Usage
delete.duplicates(dtm, meta, id.var = "document_id", date.var = "date", source.var = "source", hour.window = c(-24, 24), measure = "cosine", similarity = 1, keep = "first", tf.idf = FALSE)
Arguments
meta
A data.frame where rows are documents and columns are document meta information.
Should contain 3 columns: the document name/id, date and source.
The name/id column should match the document names/ids of the edgelist, and its label is specified in the `id.var` argument.
The date column should be intepretable with as.POSIXct, and its label is specified in the `date.var` argument.

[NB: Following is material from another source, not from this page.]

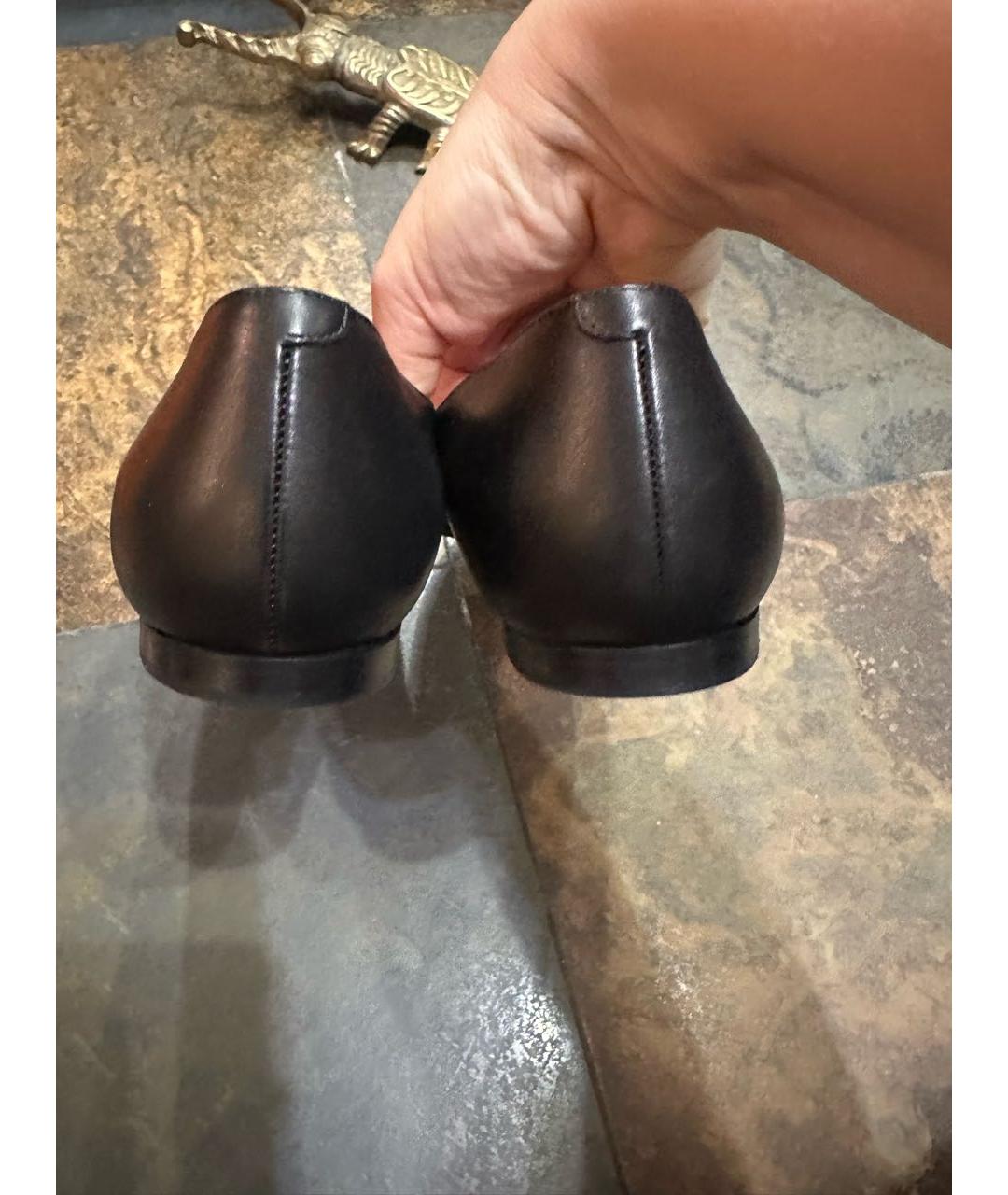 HERMES Черные кожаные балетки, фото 6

The source column is specified in the `date.var` argument. id.var
The label for the document name/id column in the `meta` data.frame. Default is "document_id"
date.var
The label for the document date column in the `meta` data.frame . default is "date"
source.var
The label for the document date column in the `meta` data.frame . default is "source"
hour.window
A vector of length 2, in which the first and second value determine the left and right side of the window, respectively. By default c(-24,24), which compares each document to all other documents within a 24 hour time distance.
measure
the measure that should be used to calculate similarity/distance/adjacency. Currently supports the symmetrical measure "cosine" (cosine similarity), and the assymetrical measures "overlap_pct" (percentage of term scores in the document that also occur in the other document).
similarity
a threshold for similarity. Documents of which similarity is equal or higher are deleted
keep
A character indicating whether to keep the 'first' or 'last' published of duplicate documents.
tf.idf
if TRUE, weight the dtm with tf.idf before comparing documents. The original (non-weighted) DTM is returned.